Sameer Haddadeen, a senior engineer from the California Department of Transportation, said a major problem is that there are more cars traveling on Pacific Coast Highway than the road can handle, adding that the amount will increase by as much as 30 percent by the year 2020. He said this is because for many people, the highway is a connector route from Los Angeles to Ventura County. Drivers are trying to avoid the busy 101 and 405 Freeways, so they use Pacific Coast Highway as an alternative.

But as Haddadeen explained, a solution for the traffic problems on Pacific Coast Highway is not as easy as it might be for other highways. This is because the road cannot be expanded due to the highway’s unique situation of being a road with the ocean on one side and mountains on the other.

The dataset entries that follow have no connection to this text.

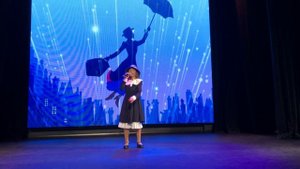 Маша Самойлова  - "Леди Мэри"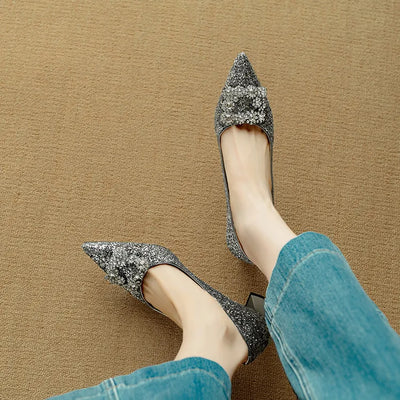 GLORIA™ | Zapatos Atemporales Y Elegantes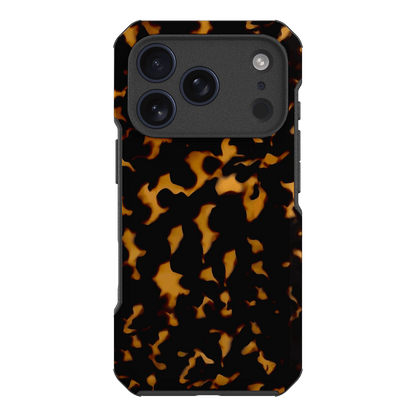 Classic Tort Printed Phone Cases iPhone 17 Pro / Toughie by The Dairy - The Dairy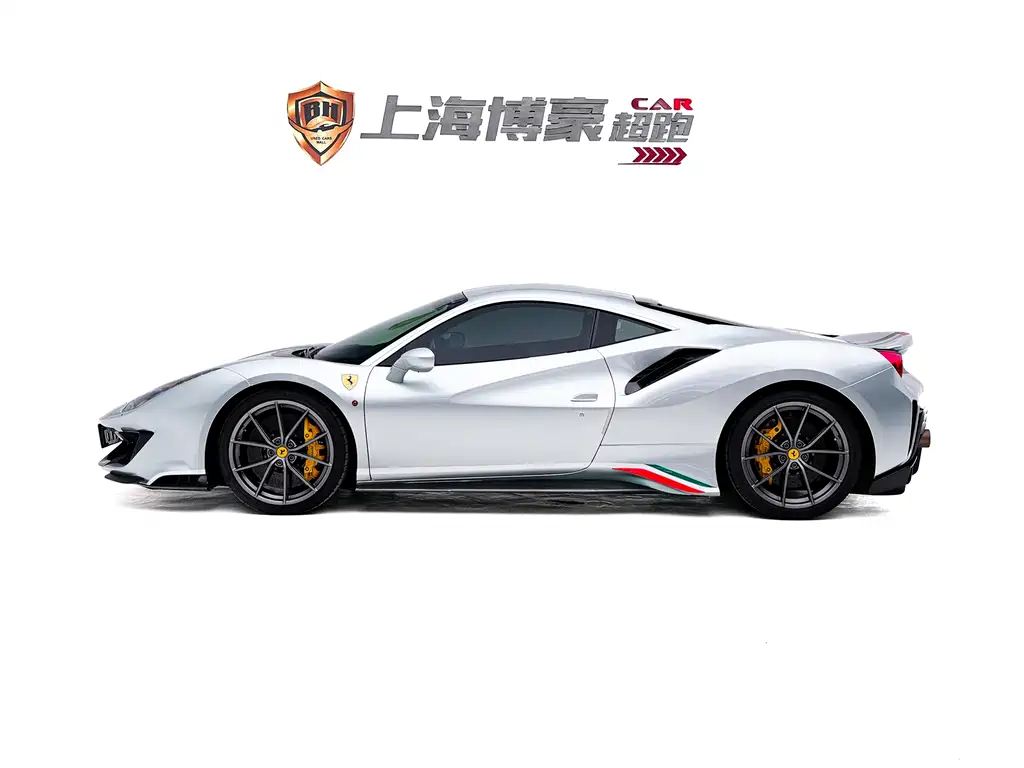Ferrari Ferrari 488 Pista 2018 488 Pista 2019 - thumbnail 4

“So what we need to do is, we need to think out of the box,” Haddadeen said. “We need to reduce demand for PCH.”

One way to do that, Haddadeen said, would be to expand the 101 Freeway. He said the freeway should be expanded by one lane in the south direction and another in the north direction from the Topanga Canyon Boulevard exit to the Ventura County line. Haddadeen said a further idea would be to make those lanes high occupancy vehicle, or HOV, lanes. These are lanes restricted to those traveling with at least two people in the car.

“Once you do that, you’re encouraging carpooling,” said Haddadeen, who said an important thing that must be done is to reduce the number of cars on the roads, with encouraging carpooling being a major way to do that.

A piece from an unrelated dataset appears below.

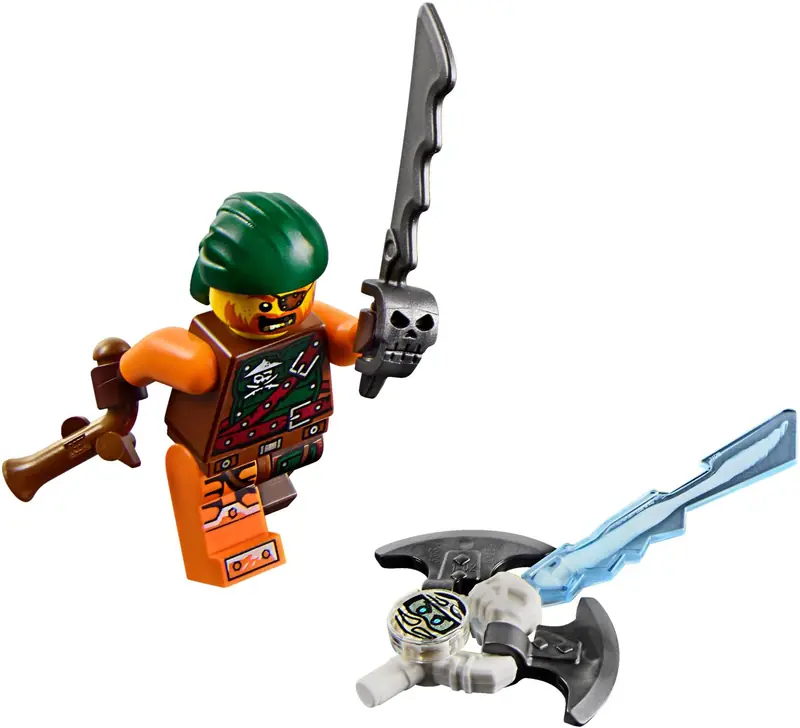 LEGO 70599 Smok Cole'a zdjęcie 5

Haddadeen said other ways to reduce the number of cars on the roads is to establish relationships with the business community to encourage concepts like carpooling and having people work from home through telecommunication rather than driving to work every day.

Calabasas Mayor Pro Tem Barry Groveman, the other speaker at the forum, also talked about a need to encourage businesses to adopt policies that could reduce traffic. Groveman, who has filed to run for the 41st Assembly District seat that will be vacated by Fran Pavley in 2006, said other ideas include encouraging teachers to come to work 30 minutes earlier.

“I think we need to declare war on a road like this [PCH],” Groveman said. “We need to declare war on traffic.”

Groveman spoke about a series of ideas to deal with traffic, although he cautioned that none of them should be considered solid proposals. He said at this point all ideas should be considered.

In one moment of drama, a person in attendance questioned why a policy could not be adopted for Pacific Coast Highway that other cities use in which one northbound lane is turned into a southbound lane and one southbound lane is turned into a northbound lane during certain times of the day, so that there are more lanes open in the direction where more cars are traveling. Haddadeen said the issue had already been studied, but was determined to be unfeasible. This turned into a minor argument in which Groveman insisted the idea should still be further studied.

Longtime Malibu resident David Kagon said the issues being discussed had not changed for several decades.

“We’re playing a lot of old records here, gentlemen,” Kagon said. “We have been talking about what’s going to happen… for almost 40 years and what’s got to be done.” Kagon said that something he would like to see done is the creation of signs that will communicate to people how long they should expect a drive to take. If a traveler is coming from the Valley and sees that it would be a lengthy drive to reach Pacific Coast Highway, he may choose not to travel there. Haddadeen said Caltrans did already have warning signs on the 101 that informed travelers about emergency traffic situations on Pacific Coast Highway.

Also during the forum, Haddadeen spoke about other ways Caltrans was looking into improving traffic flow. Among them was creating the ability to tweak malfunctioning traffic signals from a center station, rather than having to send somebody to the intersection to make the repair.